BEGIN EXTRACTED INFORMATION

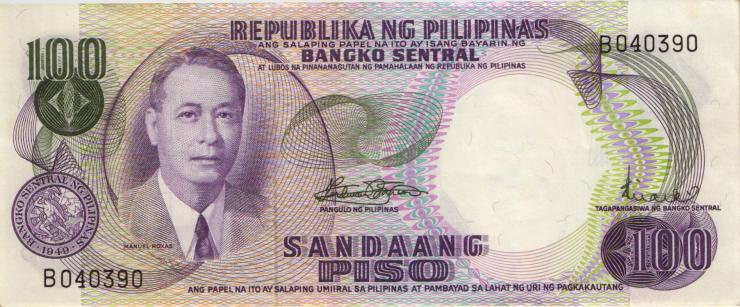 Philippinen / Philippines P.147b 100 Piso (1969) (1) 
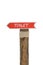 Wooden allow pointer toilet sign for background or text on white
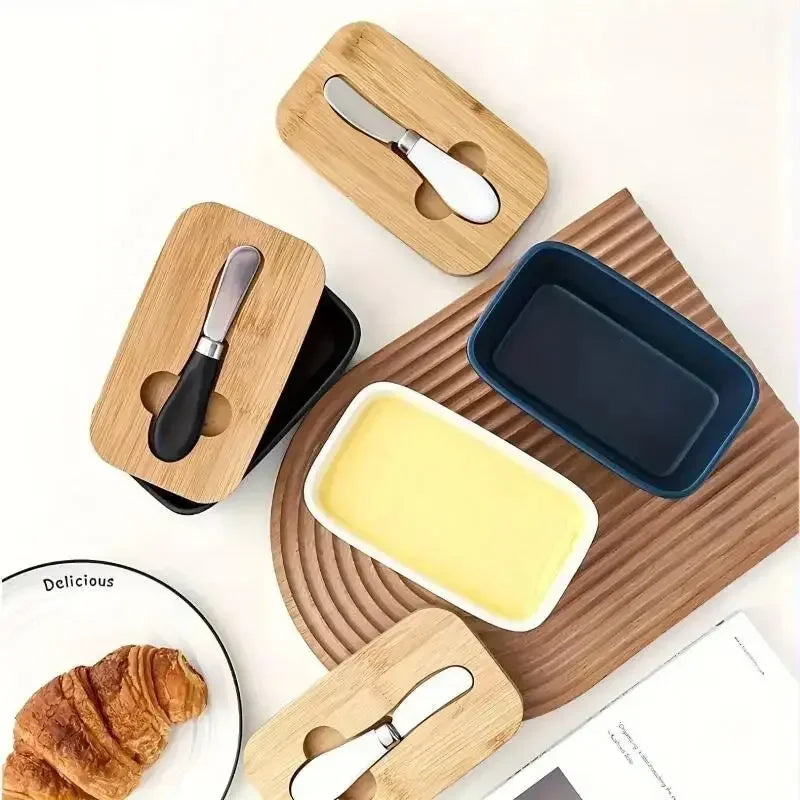 Ceramic Butter Boxes Dishes Wooden Large Butter Box Container Keeper Storage with Stainless Steel Butter Knife Spreader, Multi - Confia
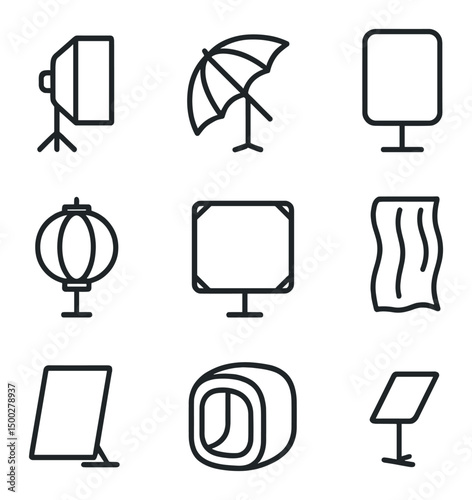 Diffusion Modifier Icons. Outline icon set of diffusion modifiers: softbox, umbrella reflector, diffusion panel, lantern, scrim,
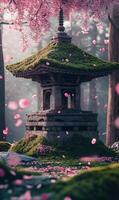Ancient stone lantern embraced by moss and sakura petals in serene woodland photo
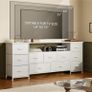 Tv Cabinet, Dresser for Bedroom with 11 Fabric Drawers, TV Stand with Power Socket for TVs up to 70 inch TV Units for Living Room, Bedroom, White Image 3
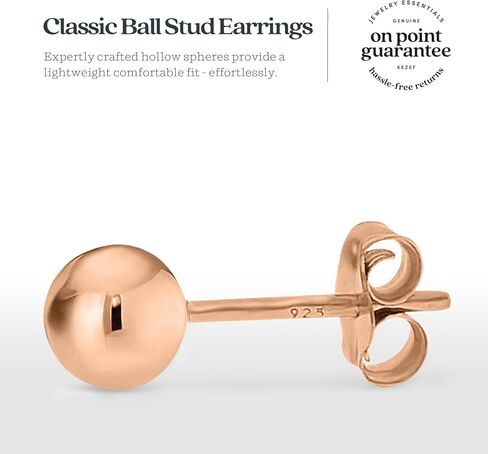 KEZEF Sterling Silver Ball Stud Earrings for Women - Hypoallergenic Lightweight Stud Earrings for Women | 2mm-16mm Ball Earrings in 14K Gold, Rose Gold or 925 Sterling Silver in Saudi Arabia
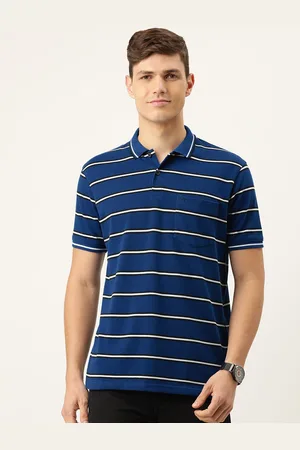 Peter England Men Blue & White Striped Polo Collar T-shirt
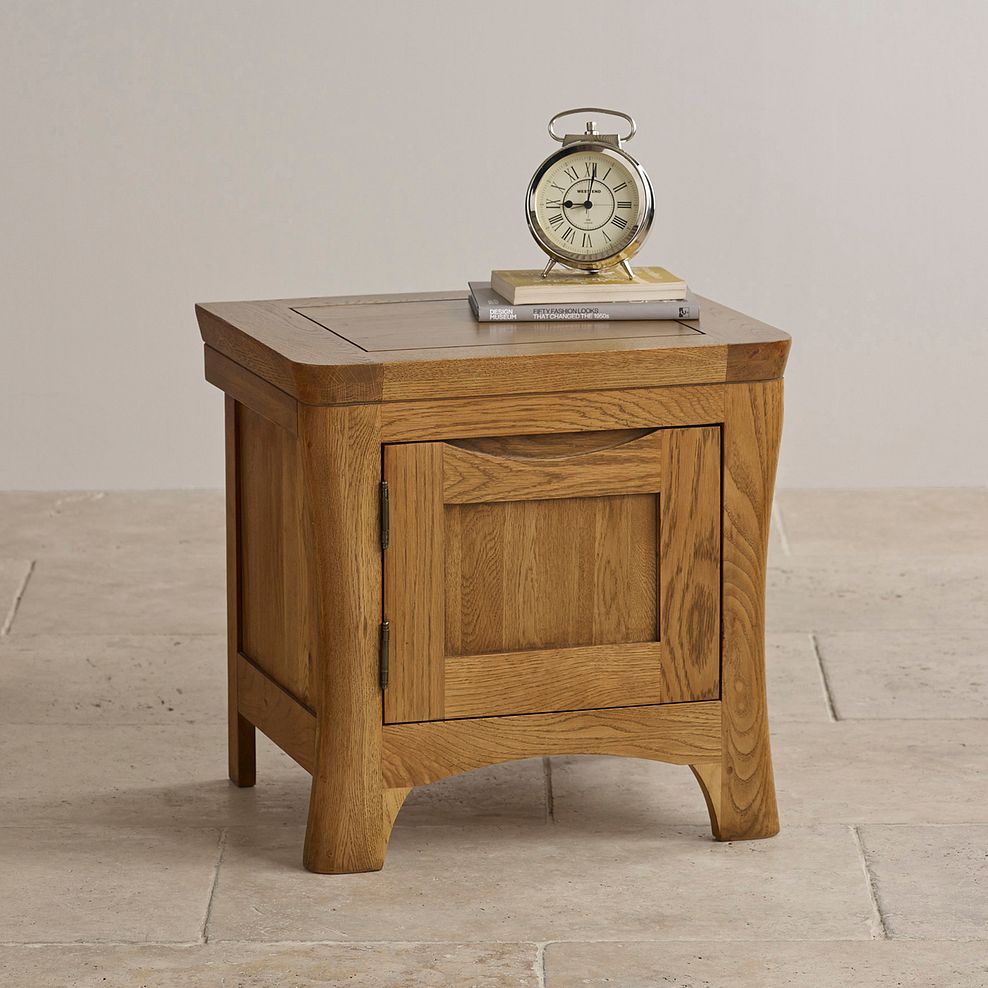 Orrick Rustic Solid Oak 1 Door Bedside Cabinet 3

END EXTRACTED INFORMATION

● WHAT THE TASK ASKS
Reproduce word for word, with pictures dropped, only the part of the material above that opens with the line containing "Tv Cabinet, Dresser" and closes with the line containing "Peter England Men".

● ANSWER TO THE EXERCISE
 Tv Cabinet, Dresser for Bedroom with 11 Fabric Drawers, TV Stand with Power Socket for TVs up to 70 inch TV Units for Living Room, Bedroom, White Image 3
 KEZEF Sterling Silver Ball Stud Earrings for Women - Hypoallergenic Lightweight Stud Earrings for Women | 2mm-16mm Ball Earrings in 14K Gold, Rose Gold or 925 Sterling Silver in Saudi Arabia
 Peter England Men Blue & White Striped Polo Collar T-shirt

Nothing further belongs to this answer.